The concept of self, or “me”, is brought into existence moment by moment through identification with thought or emotion. In a scientific sense, we provide our energy to the neurons firing in our brain that correlate with whatever thought or memory that happens to be “in the drivers seat” at the moment.
As an example, we might have some particularly painful or depressing memory that is stored inside our mind. We stop to meditate, and this particular story begins to play itself. Because of our tendency to indulge thoughts that contain a strong emotional charge to them, these are the ones that require the most time from the meditators perspective.
Indulgence has two polarities, one polarity is to resist a particular thought. It is painful, we don’t want to have it, we suppress it or push it way down. We find some distraction to keep us from having to process this pain. In the opposite polarity, we get lost in the emotional or thought process, giving our mental energy away to this story. We continuously replay and rehash the memory, and this is another way of keeping the story alive. Many people prefer to hang on to even the most painful and depressing stories inside because it keeps the story alive. It keeps the self intact. Bad press is better than no press.
Meditation is no press. It is a position of indifference and neutrality to the thoughts that come and go inside our minds. This can be extremely uncomfortable for the self, because it is basically a small death. Each thought or story is a mini-me, and all of these thoughts and stories collectively form our sense of self, or the ego. So each time one of them comes up and is simply ignored through the process of meditation, it is a small starving of the ego. A little piece dies, another slice of “me” is discarded.

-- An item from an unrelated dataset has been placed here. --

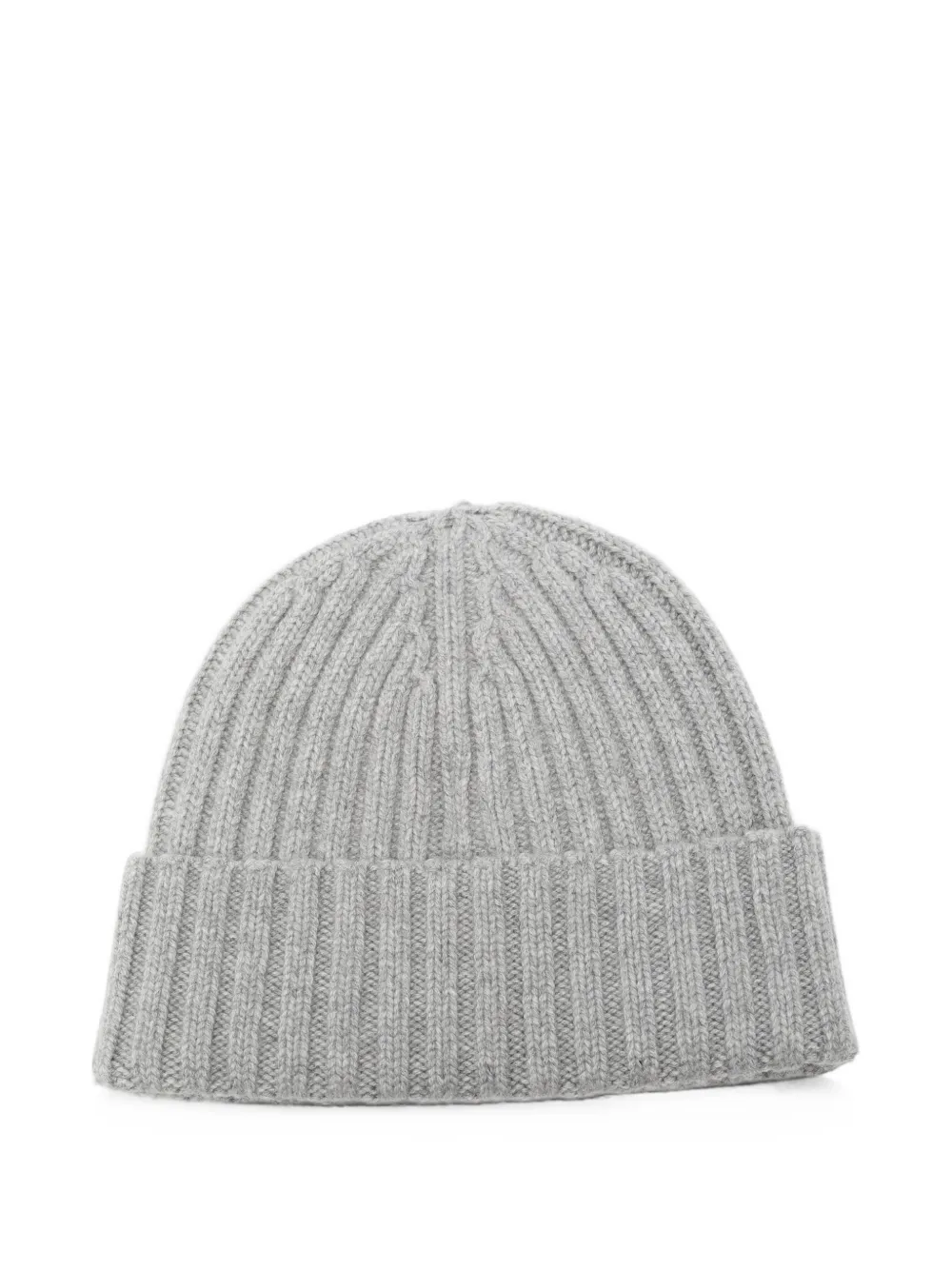 MC2 Saint Barth Kids Wengen logo-embroidered ribbed beanie hat Grijs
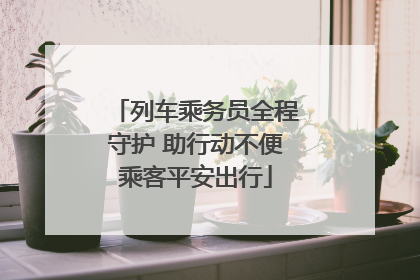 列车乘务员全程守护 助行动不便乘客平安出行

The mind hurts, it tries to cover up this emptiness that is exposed. It doesn’t know how to work without the continual self-referential story. The challenge to the meditator is to understand this mechanism, both experientially and scientifically. We come to understand the ego for what it is, and how it needs to be dropped. The vacuum that remains when we let our self drop away becomes larger and larger, we start to feel that clear, timeless consciousness inside of us.